Bis heute wurden mehr als 500 CAR-T-Zellstudien initiiert, die meisten in Ostasien, gefolgt von den USA und Europa. Mehr als die Hälfte dieser Studien zielt auf die Behandlung von B-Zellneoplasien (bösartige Erkrankungen abstammend von B-Zellen, z. B. Lymphdrüsenkrebs) ab, die meisten mit CD19-spezifischen CAR-T-Zellen. Eine immer noch geringe, aber wachsende Zahl von CAR-T-Zellstudien hat die Behandlung von soliden Tumoren zum Ziel (Schaft 2020). Derzeit gibt es sechs CAR-T-Zellprodukte, die von der FDA und der EMA zur Behandlung von B-Zellmalignomen zugelassen sind (siehe Tab. 10.1). Mit diesen CD19-spezifischen CAR-Konstrukten kann bei 50–75 % der Patienten ein Ansprechen erzielt werden, wobei in ca. 50 % der Fälle komplette Remissionen erreicht werden (Bethge et al. 2022). Darüber hinaus zeigten sich kommerziell erhältliche CAR-T-Zellprodukte auch in der ZweitlinienbehandlungFootnote 15 des diffus großzelligen B-Zell-Lymphoms (DLBCL; häufige Lymphdrüsenkrebserkrankung) ähnlich hochwirksam (Locke et al. 2022). Erst kürzlich wurde Axicabtagen-Ciloleucel als erstes CAR-T-Zellprodukt für die Zweitlinienbehandlung bei Patienten mit refraktärem oder rezidivierendem DLBCL zugelassen. Trotz vielversprechender Ergebnisse rezidivieren 30–60 % der Patienten nach einer CD19-spezifischen CAR-Therapie (Rafiq und Brentjens 2018), was auf einen Verlust des CD19-Antigens auf den Tumorzellen sowie auf eine begrenzte Persistenz und Expansion der übertragenen CAR-T-Zellen zurückgeführt wird.

Tab. 10.1 Kommerzielle CAR-T-Zellprodukte

Eine häufige Nebenwirkung nach CAR-T-Zellgabe ist das Zytokinfreisetzungssyndrom („Cytokine release syndrome“, CRS) (Lee et al. 2019), das sich als akutes bis subakutes Krankheitsbild mit Fieber nichtinfektiöser Ursache, grippeähnlichen Symptomen, Hypotonie (niedriger Blutdruck) und Hypoxie (Sauerstoffmangel) typischerweise in der ersten Woche nach CAR-T-Zellgabe manifestiert. Die Ursache ist eine CAR-vermittelte, überaus starke Aktivierung der T-Zellen, wobei große Mengen proinflammatorischer Zytokine freigesetzt werden, was zu einer immunologischen Kaskade mit der Aktivierung anderer Immunzellen, u. a. Makrophagen, führt. Leichte Formen des CRS treten bei der Mehrheit aller Patienten nach CAR-T-Zellgabe auf; schwere CRS-Manifestationen, die eine Aufnahme auf die Intensivstation nötig machen, sind eher selten. Therapeutisch stehen immunsuppressive Maßnahmen wie die Gabe des Zytokinrezeptorblockers Tozilizumab bei leichten Formen und Kortikosteroide bei schweren Verläufen im Vordergrund.

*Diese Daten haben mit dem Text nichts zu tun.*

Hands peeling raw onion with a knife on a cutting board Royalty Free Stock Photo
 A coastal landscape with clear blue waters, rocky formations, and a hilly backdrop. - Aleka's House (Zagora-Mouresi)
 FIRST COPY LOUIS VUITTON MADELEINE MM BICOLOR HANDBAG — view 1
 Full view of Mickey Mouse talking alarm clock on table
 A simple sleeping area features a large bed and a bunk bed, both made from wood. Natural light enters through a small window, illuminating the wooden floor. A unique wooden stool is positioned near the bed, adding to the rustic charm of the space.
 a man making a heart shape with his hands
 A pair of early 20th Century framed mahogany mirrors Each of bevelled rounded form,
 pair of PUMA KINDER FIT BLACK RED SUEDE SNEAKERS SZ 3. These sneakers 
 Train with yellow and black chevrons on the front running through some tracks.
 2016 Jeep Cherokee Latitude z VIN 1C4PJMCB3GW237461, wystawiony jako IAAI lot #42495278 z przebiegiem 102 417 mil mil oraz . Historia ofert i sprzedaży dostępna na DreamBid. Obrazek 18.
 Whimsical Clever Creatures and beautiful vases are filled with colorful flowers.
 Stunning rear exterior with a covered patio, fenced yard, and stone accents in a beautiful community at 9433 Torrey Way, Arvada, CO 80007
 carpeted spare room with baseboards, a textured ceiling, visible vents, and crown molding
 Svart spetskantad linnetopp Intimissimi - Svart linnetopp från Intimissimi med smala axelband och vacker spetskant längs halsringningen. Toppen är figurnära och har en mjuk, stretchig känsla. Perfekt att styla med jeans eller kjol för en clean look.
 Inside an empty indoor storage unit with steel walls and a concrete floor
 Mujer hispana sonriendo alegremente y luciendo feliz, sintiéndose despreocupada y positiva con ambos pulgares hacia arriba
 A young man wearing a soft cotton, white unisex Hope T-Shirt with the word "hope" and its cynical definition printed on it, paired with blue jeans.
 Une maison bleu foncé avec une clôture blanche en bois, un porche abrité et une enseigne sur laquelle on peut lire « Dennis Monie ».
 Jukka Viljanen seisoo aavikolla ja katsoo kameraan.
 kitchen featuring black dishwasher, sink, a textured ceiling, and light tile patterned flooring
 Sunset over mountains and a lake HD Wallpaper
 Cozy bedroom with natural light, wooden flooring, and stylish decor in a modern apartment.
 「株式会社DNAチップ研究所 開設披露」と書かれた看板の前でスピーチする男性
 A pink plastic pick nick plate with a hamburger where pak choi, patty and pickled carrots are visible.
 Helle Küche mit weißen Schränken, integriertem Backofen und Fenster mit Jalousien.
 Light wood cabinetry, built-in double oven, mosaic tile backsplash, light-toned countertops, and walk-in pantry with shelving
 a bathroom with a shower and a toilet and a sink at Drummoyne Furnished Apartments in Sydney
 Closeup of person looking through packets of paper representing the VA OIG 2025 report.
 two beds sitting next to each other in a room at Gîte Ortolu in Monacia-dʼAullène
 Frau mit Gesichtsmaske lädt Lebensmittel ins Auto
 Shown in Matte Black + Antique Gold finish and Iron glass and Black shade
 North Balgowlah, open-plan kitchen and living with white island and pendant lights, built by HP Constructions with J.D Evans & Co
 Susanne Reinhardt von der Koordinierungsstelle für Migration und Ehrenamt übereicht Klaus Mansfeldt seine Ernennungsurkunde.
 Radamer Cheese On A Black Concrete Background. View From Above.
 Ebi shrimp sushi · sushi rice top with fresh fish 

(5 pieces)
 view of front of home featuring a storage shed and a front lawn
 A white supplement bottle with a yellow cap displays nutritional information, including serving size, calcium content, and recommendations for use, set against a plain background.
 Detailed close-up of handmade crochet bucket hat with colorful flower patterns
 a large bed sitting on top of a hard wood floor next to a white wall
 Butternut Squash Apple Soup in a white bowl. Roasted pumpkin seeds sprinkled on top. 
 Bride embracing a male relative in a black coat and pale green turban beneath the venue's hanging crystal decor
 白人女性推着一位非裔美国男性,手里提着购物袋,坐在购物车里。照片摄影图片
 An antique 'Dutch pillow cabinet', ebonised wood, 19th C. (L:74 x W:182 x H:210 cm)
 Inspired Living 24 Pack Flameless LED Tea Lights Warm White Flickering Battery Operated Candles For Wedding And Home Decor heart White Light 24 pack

Eine weitere häufige Nebenwirkung ist eine Neurotoxizität („immune effector cell-associated neurotoxicity syndrome“, ICANS) (Lee et al. 2019), die nur unzureichend verstanden, jedoch mit CRS gemeinsame pathogenetische Ursachen zu haben scheint, insbesondere in der T-Zellaktivierung und in der Aktivierung einer entzündlichen Immunkaskade. Klinisch äußert sich das ICANS initial durch eine Beeinträchtigung kognitiver Funktionen. Im weiteren Verlauf sind eine Minderung des Bewusstseins und das Auftreten epileptischer Anfälle charakteristisch, was nicht selten eine intensivmedizinische Betreuung erforderlich macht. Therapeutisch werden Kortikosteroide verabreicht. Trotz aller Dramatik sind sowohl CRS als auch ICANS bei entsprechender Therapie heilbare Nebenwirkungen.

8 Fazit

Chimäre Antigenrezeptoren (CARs) sind synthetische Rezeptor-Signal-Hybride, um Immunzellen, insbesondere T-Zellen, spezifisch gegen definierte Zielstrukturen zu richten. Durch seine Antikörper-abgeleitete Bindedomäne ist der CAR universell gegen eine Vielzahl von Zellen und Geweben einsetzbar; durch Kombination verschiedener Signalketten kann die T-Zellantwort gezielt moduliert werden. Dieses Werkzeug aus der Synthetischen Immunologie kann für die Krebstherapie, aber auch für die Therapie von chronischen Entzündungserkrankungen eingesetzt werden und wird langfristig die zellbasierte Immuntherapie revolutionieren.